For each line below that holds the word "href", make a copy.

======

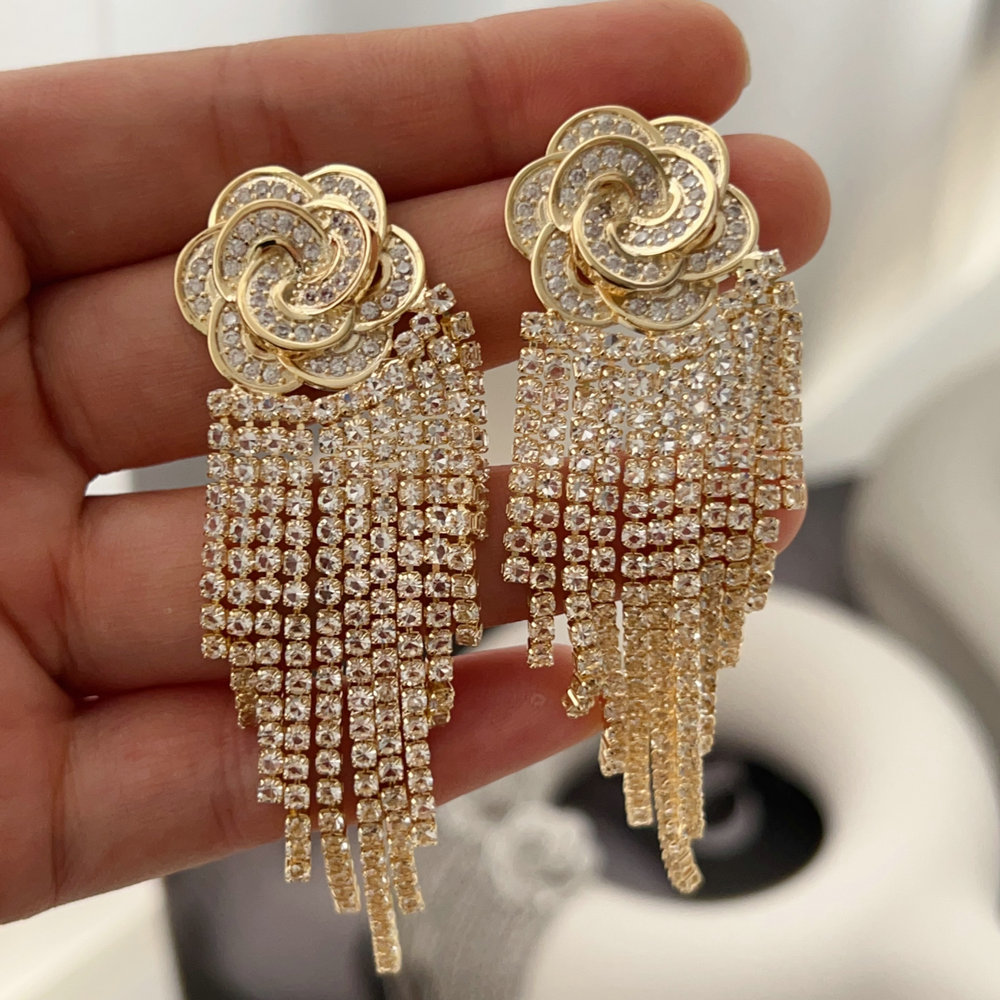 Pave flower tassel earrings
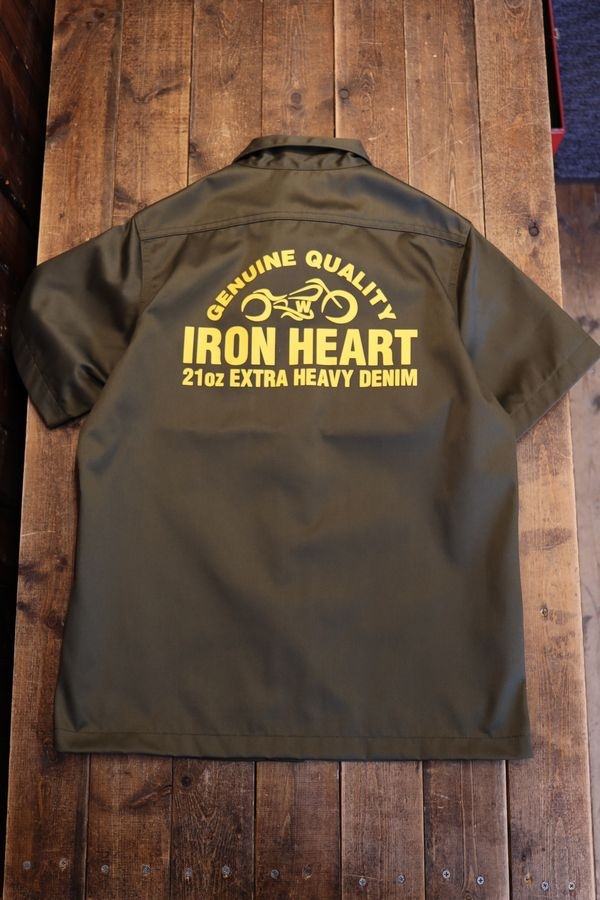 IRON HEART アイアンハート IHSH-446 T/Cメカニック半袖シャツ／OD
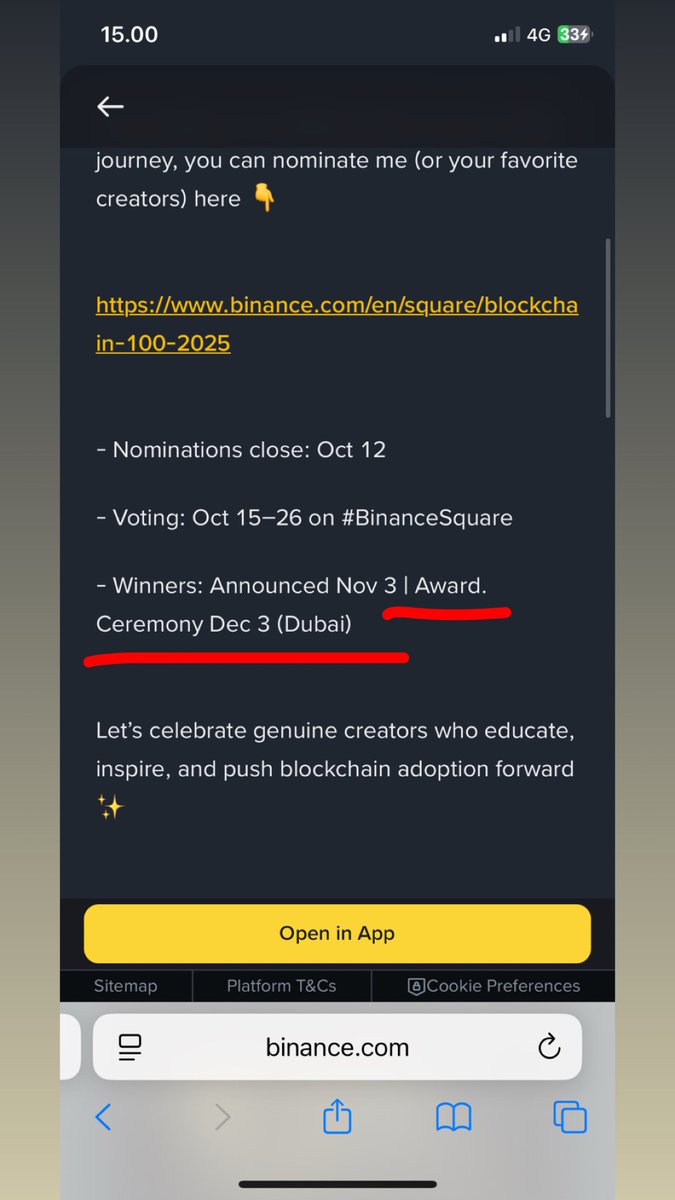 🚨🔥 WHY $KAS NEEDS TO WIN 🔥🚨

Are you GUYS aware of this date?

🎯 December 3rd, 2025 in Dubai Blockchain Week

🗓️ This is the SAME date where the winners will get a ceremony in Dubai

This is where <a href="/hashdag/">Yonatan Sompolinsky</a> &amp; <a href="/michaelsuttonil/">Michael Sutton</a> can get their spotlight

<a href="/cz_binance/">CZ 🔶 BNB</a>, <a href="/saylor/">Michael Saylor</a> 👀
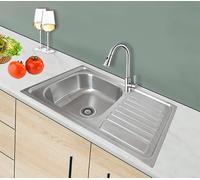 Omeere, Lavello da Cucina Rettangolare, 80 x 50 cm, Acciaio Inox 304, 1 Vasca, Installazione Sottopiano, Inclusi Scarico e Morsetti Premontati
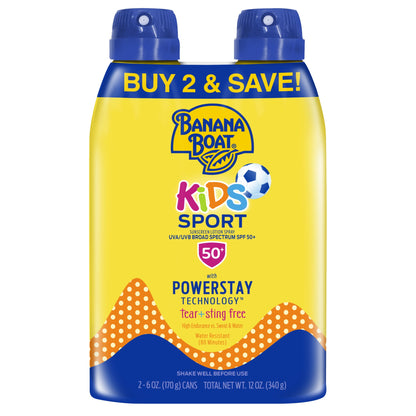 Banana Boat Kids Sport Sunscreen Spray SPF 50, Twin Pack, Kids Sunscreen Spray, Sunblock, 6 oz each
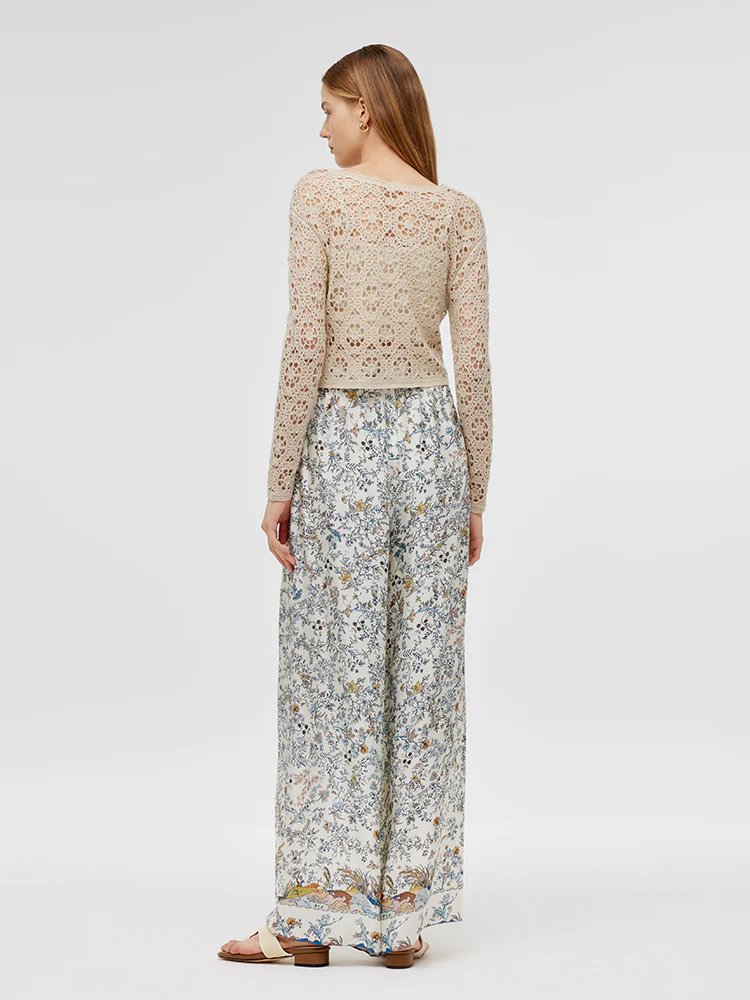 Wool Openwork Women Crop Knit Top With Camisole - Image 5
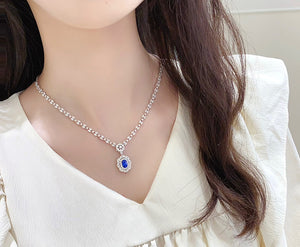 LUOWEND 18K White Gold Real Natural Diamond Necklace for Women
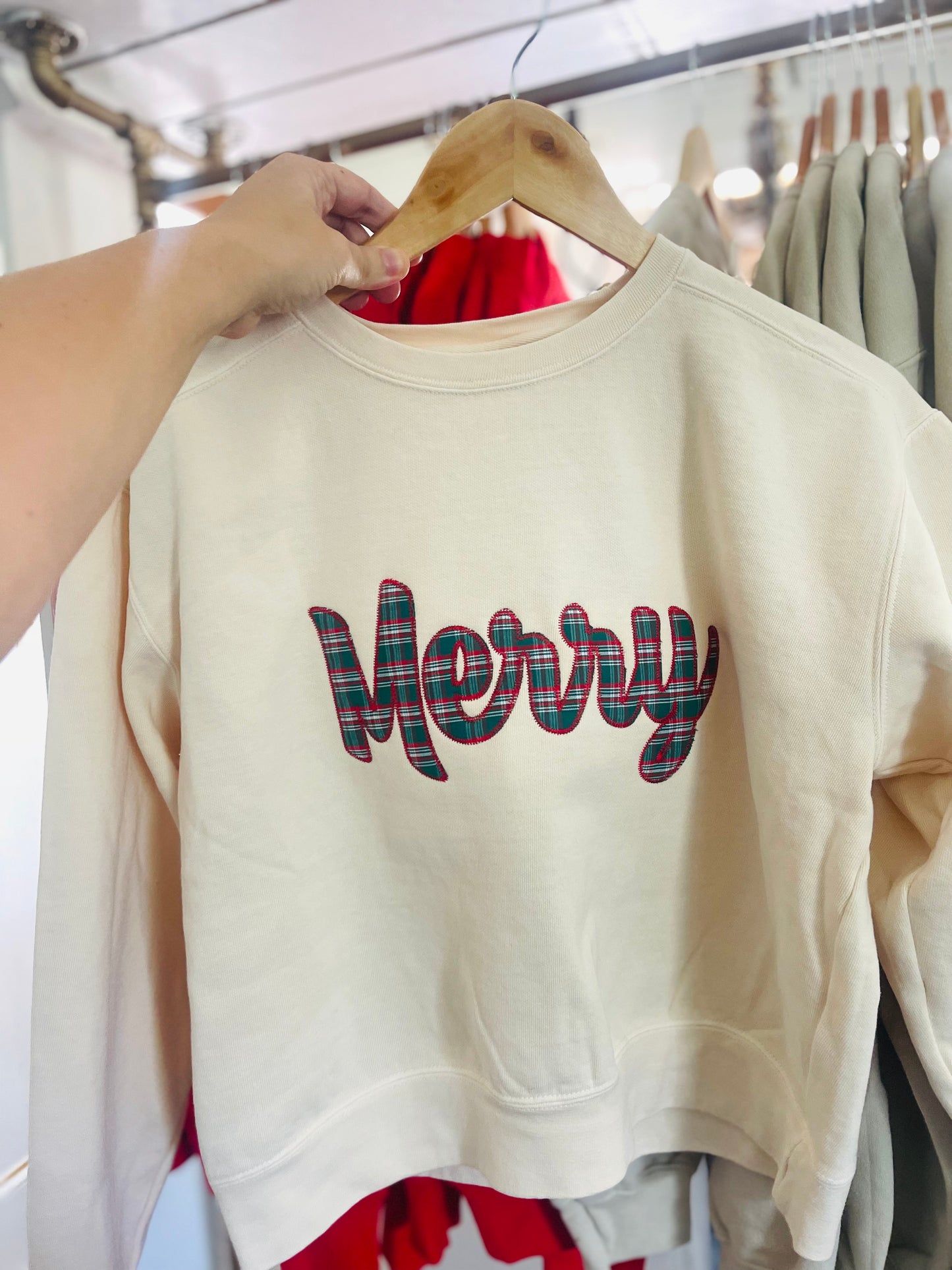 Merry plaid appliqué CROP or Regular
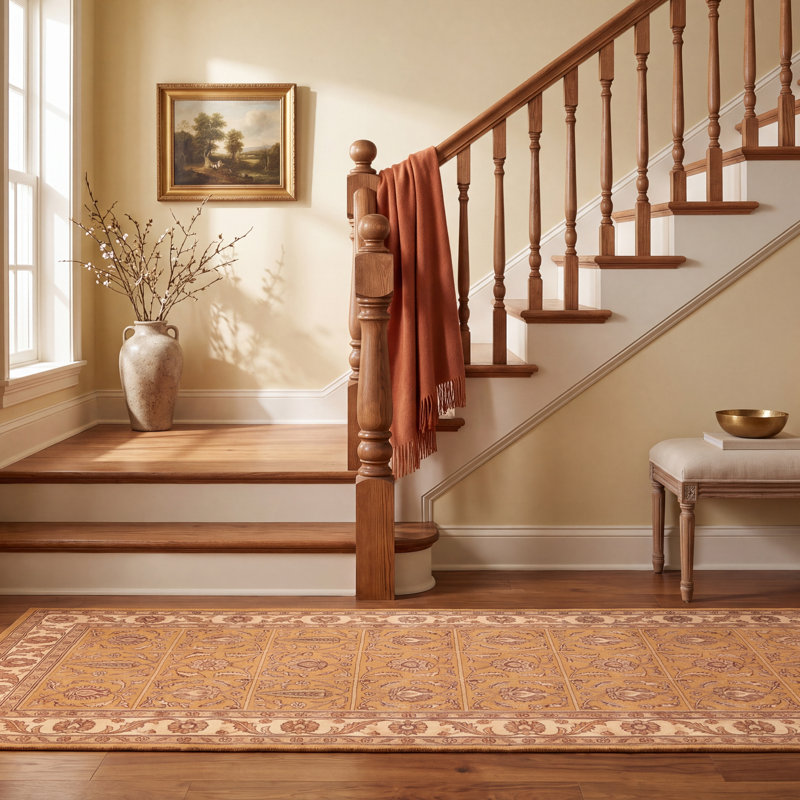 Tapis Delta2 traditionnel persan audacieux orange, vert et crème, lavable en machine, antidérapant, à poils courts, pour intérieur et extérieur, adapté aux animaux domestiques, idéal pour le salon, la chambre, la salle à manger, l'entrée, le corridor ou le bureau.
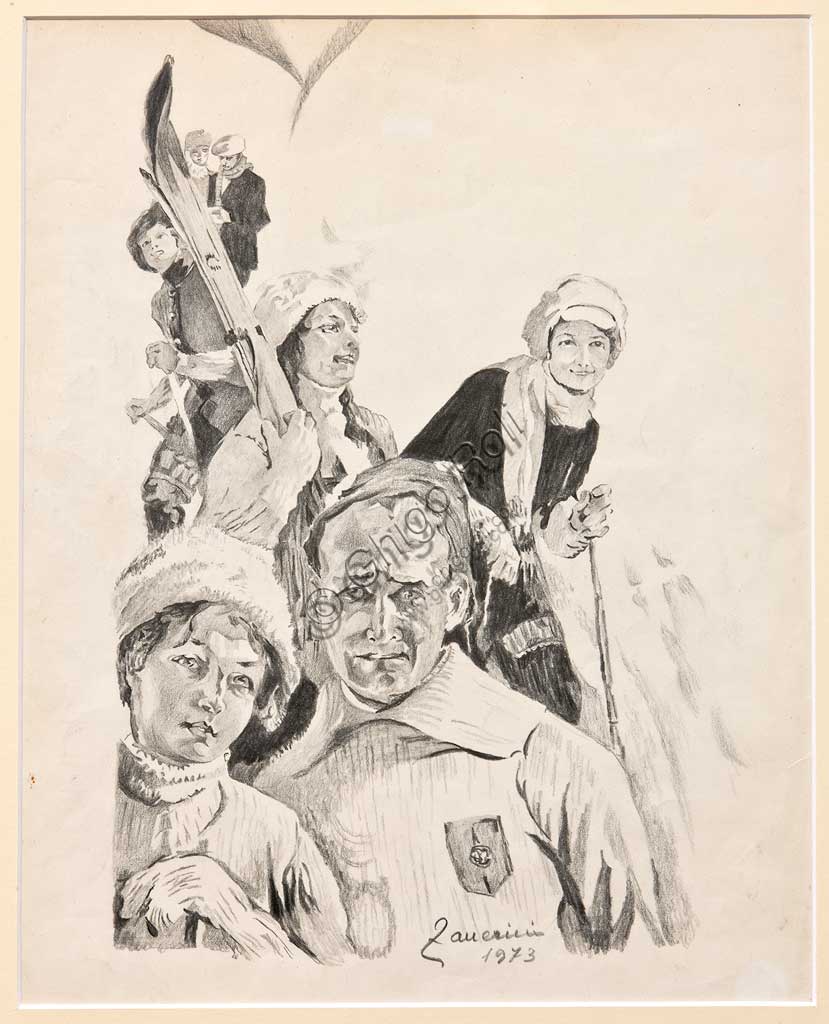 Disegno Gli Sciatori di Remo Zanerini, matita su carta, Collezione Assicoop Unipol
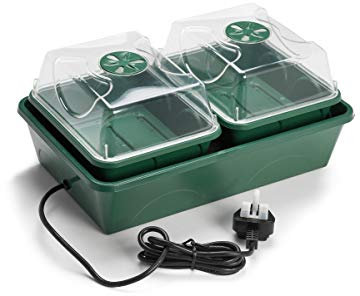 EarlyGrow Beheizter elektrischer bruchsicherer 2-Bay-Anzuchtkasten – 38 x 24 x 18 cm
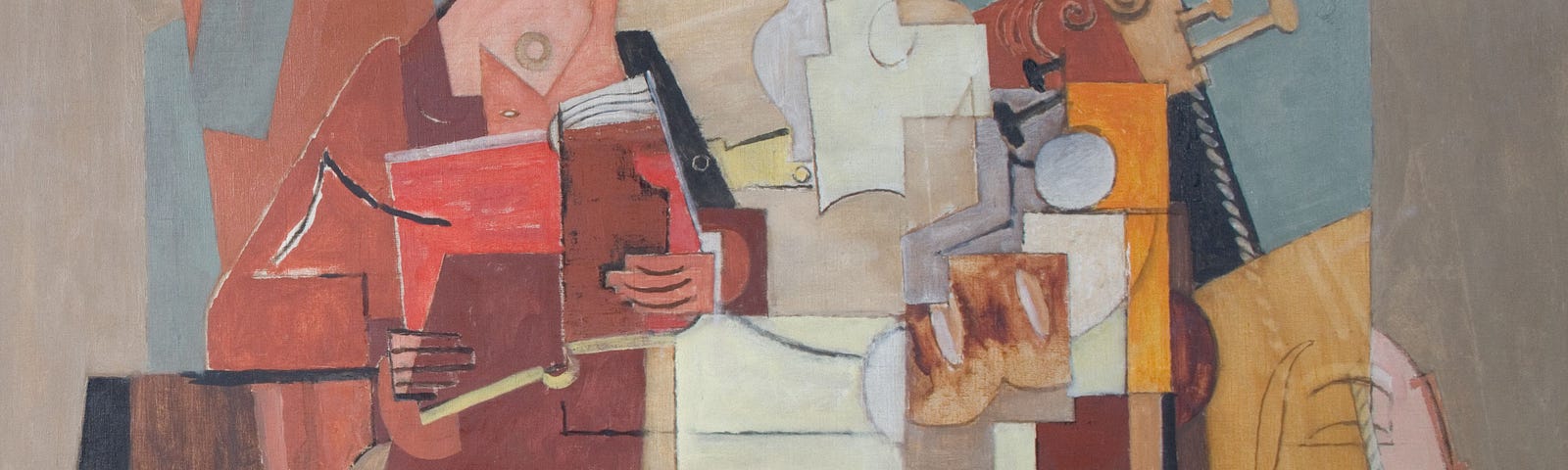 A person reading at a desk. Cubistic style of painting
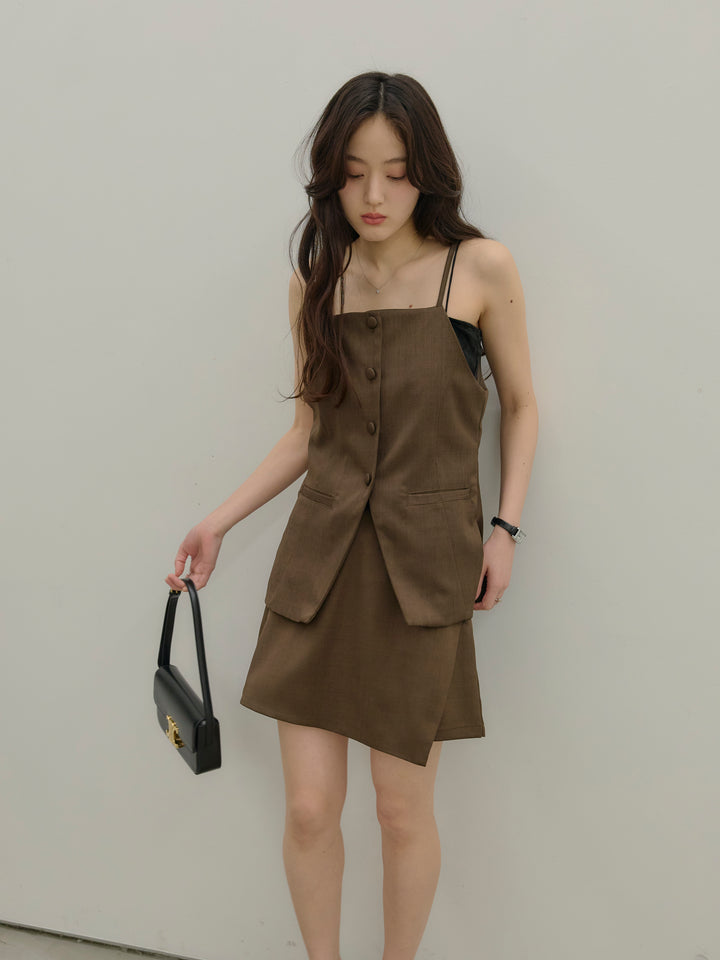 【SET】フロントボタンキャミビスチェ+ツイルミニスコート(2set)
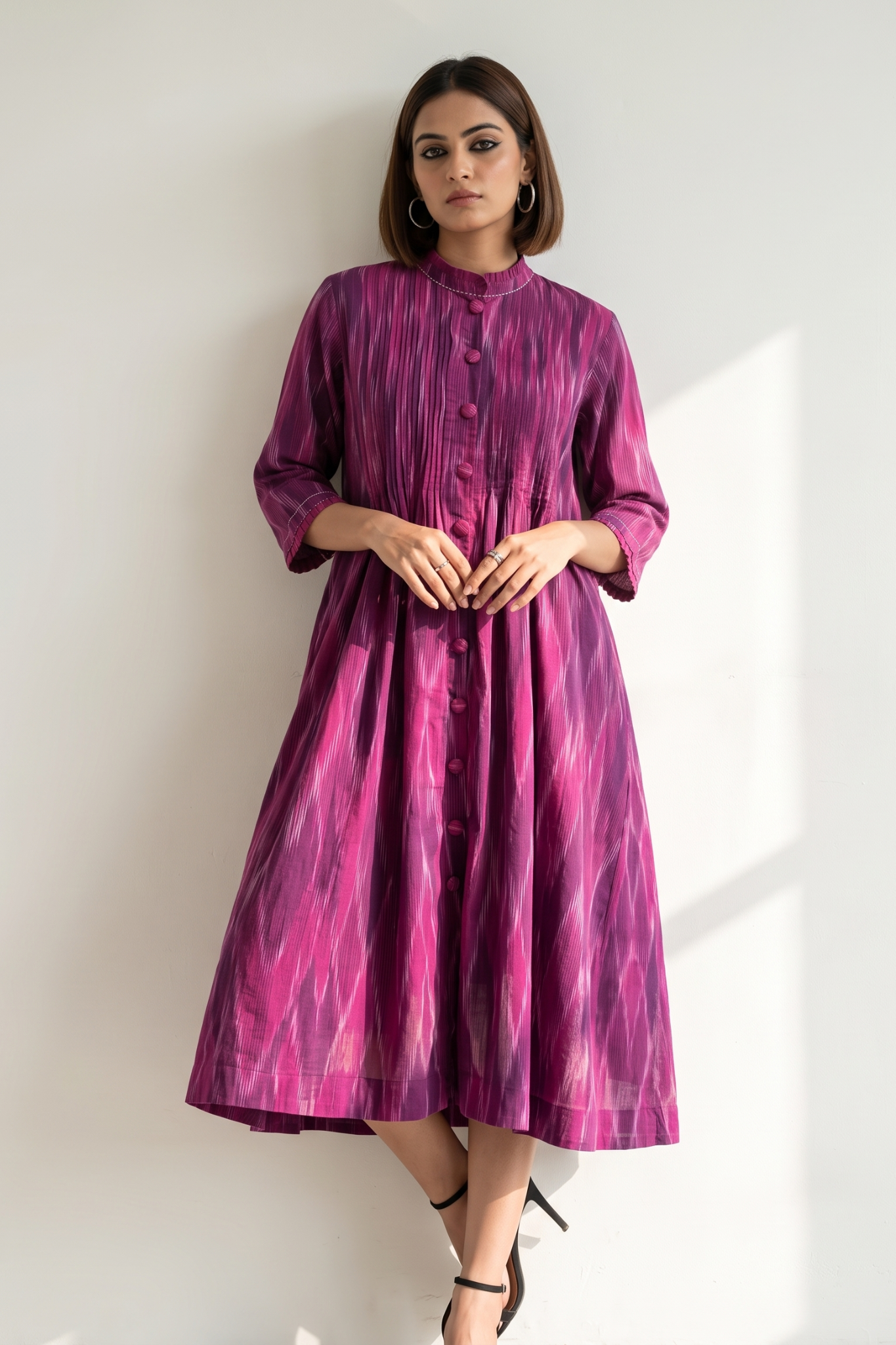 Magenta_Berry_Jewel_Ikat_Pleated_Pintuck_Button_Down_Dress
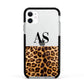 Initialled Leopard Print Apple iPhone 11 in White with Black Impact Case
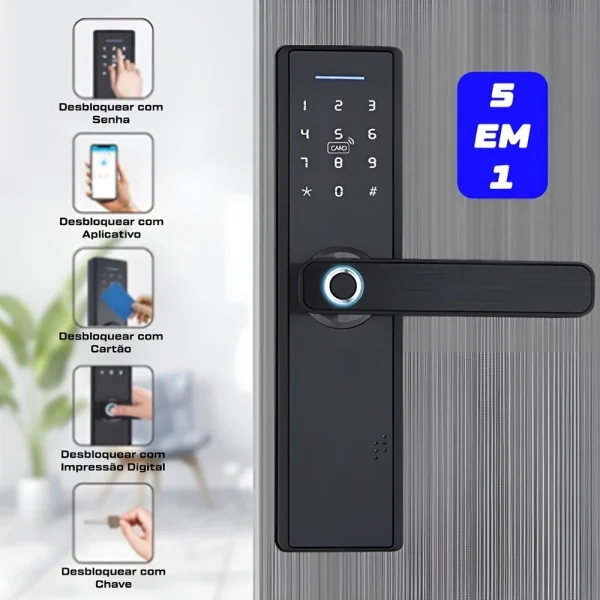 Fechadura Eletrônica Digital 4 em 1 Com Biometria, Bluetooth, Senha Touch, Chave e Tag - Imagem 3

======

### Finished task
This is where <a href="/hashdag/">Yonatan Sompolinsky</a> &amp; <a href="/michaelsuttonil/">Michael Sutton</a> can get their spotlight
<a href="/cz_binance/">CZ 🔶 BNB</a>, <a href="/saylor/">Michael Saylor</a> 👀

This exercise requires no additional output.